The federal and B.C. governments must take urgent action to tackle funding inequities that hamstring aboriginal child-welfare agencies and increase the likelihood children will be taken into government care, the province's independent child watchdog says.
And recent funding announced in the federal budget has done little or nothing to ease the caseloads or otherwise improve conditions for stressed front-line workers, Bernard Richard says.
"Front-line social workers and agency directors constantly tell us, as [recently] as two days ago, that improvements on the ground are just not being felt," Mr. Richard said Thursday on a conference call with reporters.
"Although more money is in the federal budget, God knows where it's going – because it's not going to front-line services where it is desperately needed," he added.
Mr. Richard, the former children's advocate in New Brunswick who took on the role in British Columbia last year, called the current situation in B.C. "an embarrassment for the country" and called on the two levels of government to develop a concrete plan for child-welfare services.
Mr. Richard released a report Thursday that examined delegated aboriginal agencies, which provide child-welfare services to aboriginal families through agreements with the province. Such agencies receive a mix of provincial and federal funding.
The report found federal-funding models for such agencies are "flawed and discriminatory, leading to more children ending up in care."
The report echoes many of the issues raised in a landmark Canadian Human Rights Tribunal decision in 2016 that found federal funding of Indigenous child welfare was discriminatory and resulted in more children ending up in care.
Currently, about 62 per cent of the 7,000 children in care in B.C. are Indigenous, although they account for about 10 per cent of the total child population.
There are currently 23 aboriginal agencies in B.C. that operate throughout the province and provide services up to full child protection.
Delegated agencies have come under scrutiny repeatedly over the past two decades over concerns that include screening of caregivers.
A delegated agency, Fraser Valley Aboriginal Child and Family Services Agency, was involved with Alex Gervais. Mr. Gervais died at the age of 18 in 2015 after he leapt to his death from a fourth-floor window of a hotel – a placement arranged by the delegated agency.
In an interview Thursday, a worker with that agency said she was relieved by Mr. Richard's report, because it highlighted the challenges of working with complex cases and emphasized the lack of resources for keeping families together.
Caseloads can be double or triple the recommended level and can worsen if workers off on leave are not replaced, she said.
Mr. Richard's Tuesday report noted that delegated agencies have difficulty hiring and retaining workers because they can't pay competitive salaries and benefits.
He also referred to a report by his predecessor, titled "When Talk Trumped Service," which concluded millions had been spent on Indigenous child welfare without helping any children. He said that report had been mistakenly interpreted as criticizing Indigenous people for spending money without full accountability – when in fact the report's main purpose was to point out the government's confused, ineffective approach to delegation and oversight.
Mr. Richard's latest report underlines conclusions made in several previous studies, said NDP children's critic Melanie Mark.

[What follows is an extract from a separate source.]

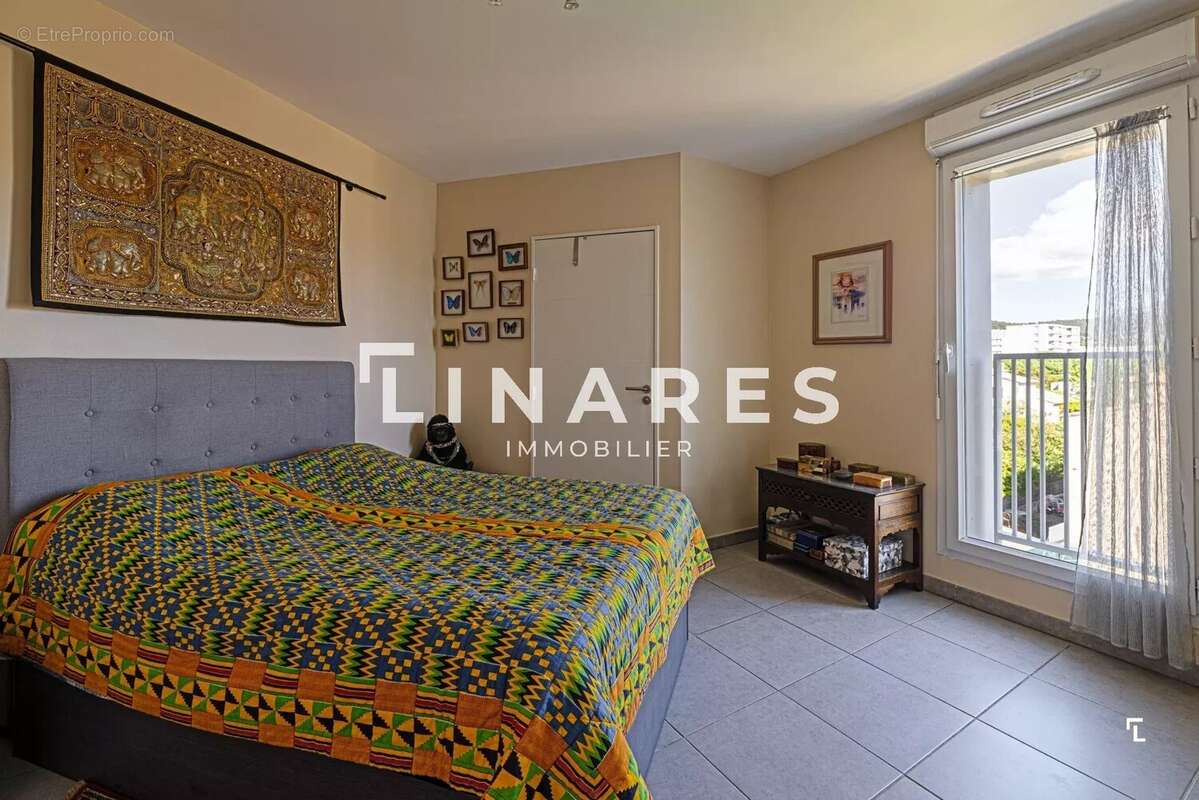 Appartement à MARSEILLE-9E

"People don't understand that these delegated agencies are contracted on behalf of the ministry to deliver the same services [as the ministry]," Ms. Mark said.
"What this report exposes is that they do the same services with less money – less resources, less training and less capacity to carry out the same mandated, legislated services."
Children's Minister Stephanie Cadieux released a statement saying Mr. Richard's conclusions don't reflect many of the recent improvements the province has made to help ensure better outcomes for Indigenous children and families.